In this disaggregated setup:
- Prefill Instance (GPU 0): Processes the prompt and generates the initial KV cache. It is optimized for TTFT)
- Decode Instance (GPU 1): Receives the KV cache and generates subsequent tokens. It is optimized for TPOT.
- LMCache: Handles the transfer of the KV cache between the two instances via the network/interconnect.

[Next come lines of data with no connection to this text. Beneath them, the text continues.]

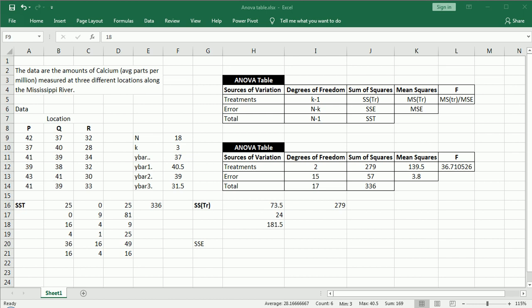Hi guys, in this final video on one-factor ANOVA, we're going to get the F upper critical value from the F table and make a conclusion on our hypothesis test.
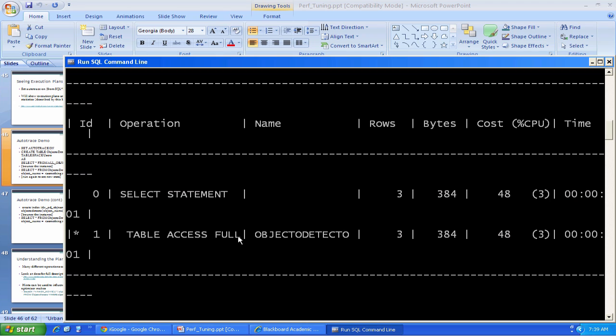This is the thing you want to avoid, a so-called full table scan. Basically, to satisfy my query, Oracle had to look through every single row in the objecto-detecto table that's a table access full. And that takes a little bit of a while.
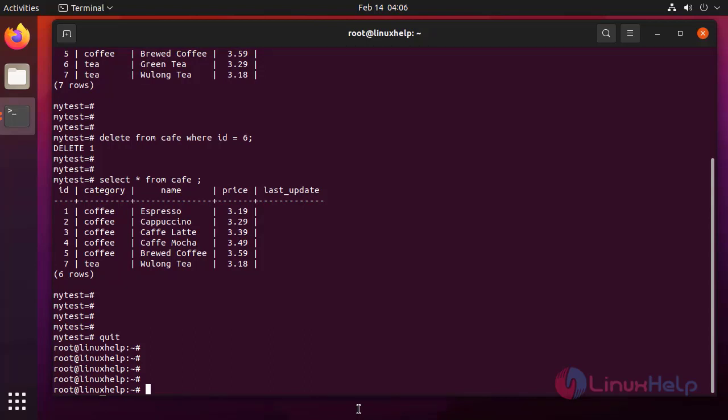This tutorial on how to insert, update and delete data in PostgreSQL on Ubuntu 21.04 has been completed.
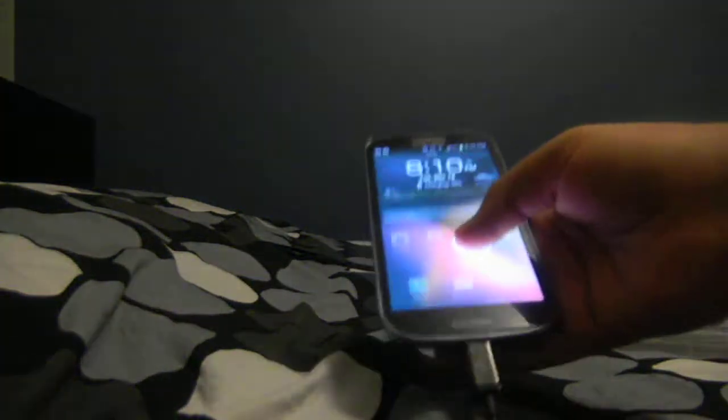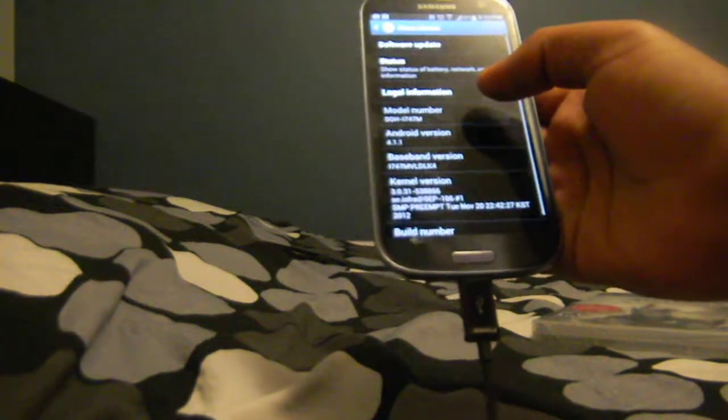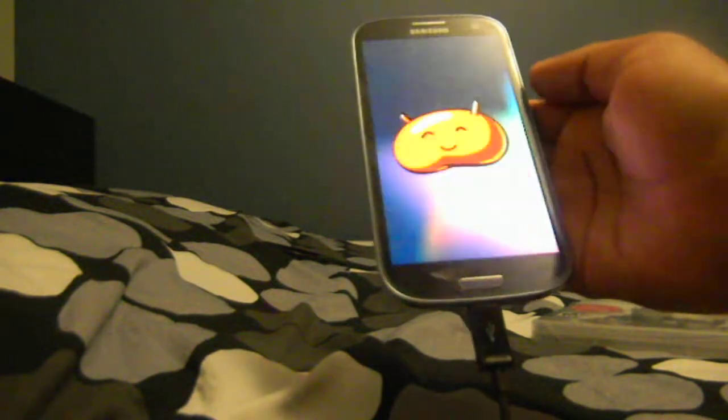Hello again YouTube, this is school guy bringing you another video. This one's a little different than my older ones. Still a tutorial, don't worry. The Samsung Galaxy S3, an Android 4.1 device. Let's open it up, get to the main Android 4.1 screen. We've got 4.1 Jellybean.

Start the Prefill Instance (Producer) on GPU 0:
export PYTHONHASHSEED=123
export UCX_MEMTYPE_CACHE=n
UCX_TLS=cuda_ipc,cuda_copy,tcp \
LMCACHE_CONFIG_FILE=lmcache-prefiller-config.yaml \
CUDA_VISIBLE_DEVICES=0 \
vllm serve Qwen/Qwen3-4B \
--port 7100 \
--disable-log-requests \
--kv-transfer-config \
'{"kv_connector":"LMCacheConnectorV1","kv_role":"kv_producer","kv_connector_extra_config": {"discard_partial_chunks": false, "lmcache_rpc_port": "producer1"}}'
Output:
(EngineCore_DP0 pid=52898) 2026-02-15 11:51:51 NIXL INFO _api.py:363 Backend UCX was instantiated
(EngineCore_DP0 pid=52898) 2026-02-15 11:51:51 NIXL INFO _api.py:253 Initialized NIXL agent: deacb458-be89-4039-8cb1-83217ed3cd99
Start the Decode Instance (Consumer) on GPU 1:
export PYTHONHASHSEED=123
export UCX_MEMTYPE_CACHE=n
UCX_TLS=cuda_ipc,cuda_copy,tcp \
LMCACHE_CONFIG_FILE=lmcache-decoder-config.yaml \
CUDA_VISIBLE_DEVICES=1 \
vllm serve Qwen/Qwen3-4B \
--port 7200 \
--disable-log-requests \
--kv-transfer-config \
'{"kv_connector":"LMCacheConnectorV1","kv_role":"kv_consumer","kv_connector_extra_config": {"discard_partial_chunks": false, "lmcache_rpc_port": "consumer1"}}'
Output:
(EngineCore_DP0 pid=56606) 2026-02-15 11:59:24 NIXL INFO _api.py:363 Backend UCX was instantiated
(EngineCore_DP0 pid=56606) 2026-02-15 11:59:24 NIXL INFO _api.py:253 Initialized NIXL agent: a7f6b7d6-641c-47f6-8937-c530fcc4e781
Start the Disaggregation Proxy Server:
path: vllm/examples/others/lmcache/disagg_prefill_lmcache_v1/disagg_proxy_server.py at main · vllm-project/vllm · GitHub
python3 disagg_proxy_server.py \
--host localhost \
--port 9100 \
--prefiller-host localhost \
--prefiller-port 7100 \
--decoder-host localhost \
--decoder-port 7200
The following benchmarks demonstrate the performance of the disaggregated setup.
Trial #1
============ Serving Benchmark Result ============
Successful requests: 1000
Failed requests: 0
Maximum request concurrency: 100
Benchmark duration (s): 22.71
Total input tokens: 128000
Total generated tokens: 128000
Request throughput (req/s): 44.03
Output token throughput (tok/s): 5635.48
Peak output token throughput (tok/s): 8100.00
Peak concurrent requests: 200.00
Total token throughput (tok/s): 11270.96
---------------Time to First Token----------------
Mean TTFT (ms): 241.25
Median TTFT (ms): 111.67
P99 TTFT (ms): 1221.01
-----Time per Output Token (excl. 1st token)------
Mean TPOT (ms): 15.74
Median TPOT (ms): 16.27
P99 TPOT (ms): 16.82
---------------Inter-token Latency----------------
Mean ITL (ms): 15.74
Median ITL (ms): 12.71
P99 ITL (ms): 46.25
==================================================
Trial #2 Improved performance likely due to KV cache reusing
============ Serving Benchmark Result ============
Successful requests: 1000
Failed requests: 0
Maximum request concurrency: 100
Benchmark duration (s): 19.76
Total input tokens: 128000
Total generated tokens: 128000
Request throughput (req/s): 50.61
Output token throughput (tok/s): 6478.60
Peak output token throughput (tok/s): 6971.00
Peak concurrent requests: 200.00
Total token throughput (tok/s): 12957.20
---------------Time to First Token----------------
Mean TTFT (ms): 135.93
Median TTFT (ms): 65.67
P99 TTFT (ms): 815.20
-----Time per Output Token (excl. 1st token)------
Mean TPOT (ms): 14.12
Median TPOT (ms): 14.67
P99 TPOT (ms): 14.85
---------------Inter-token Latency----------------
Mean ITL (ms): 14.12
Median ITL (ms): 13.48
P99 ITL (ms): 20.82
==================================================
If LLM prefill and LLM decode are performed on different GPUs, KV cache must be physically transferred from the prefill GPU to the decode GPU. Without optimization, network latency and limited bandwidth will immediately become system bottlenecks, degrading performance.
To make this disaggregation usefull, it is highly preferable (and often necessary) to utilize NVLink and RDMA networks.